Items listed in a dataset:
▬▬▬▬▬▬
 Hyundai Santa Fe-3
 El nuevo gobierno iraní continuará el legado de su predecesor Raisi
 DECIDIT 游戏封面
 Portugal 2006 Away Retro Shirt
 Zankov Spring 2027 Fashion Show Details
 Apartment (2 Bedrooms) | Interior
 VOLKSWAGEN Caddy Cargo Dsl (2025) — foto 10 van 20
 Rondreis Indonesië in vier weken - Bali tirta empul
▬▬▬▬▬▬
** Task objective **
Nothing in the records may change; write them out again in full.

** Written answer **
 Hyundai Santa Fe-3
 El nuevo gobierno iraní continuará el legado de su predecesor Raisi
 DECIDIT 游戏封面
 Portugal 2006 Away Retro Shirt
 Zankov Spring 2027 Fashion Show Details
 Apartment (2 Bedrooms) | Interior
 VOLKSWAGEN Caddy Cargo Dsl (2025) — foto 10 van 20
 Rondreis Indonesië in vier weken - Bali tirta empul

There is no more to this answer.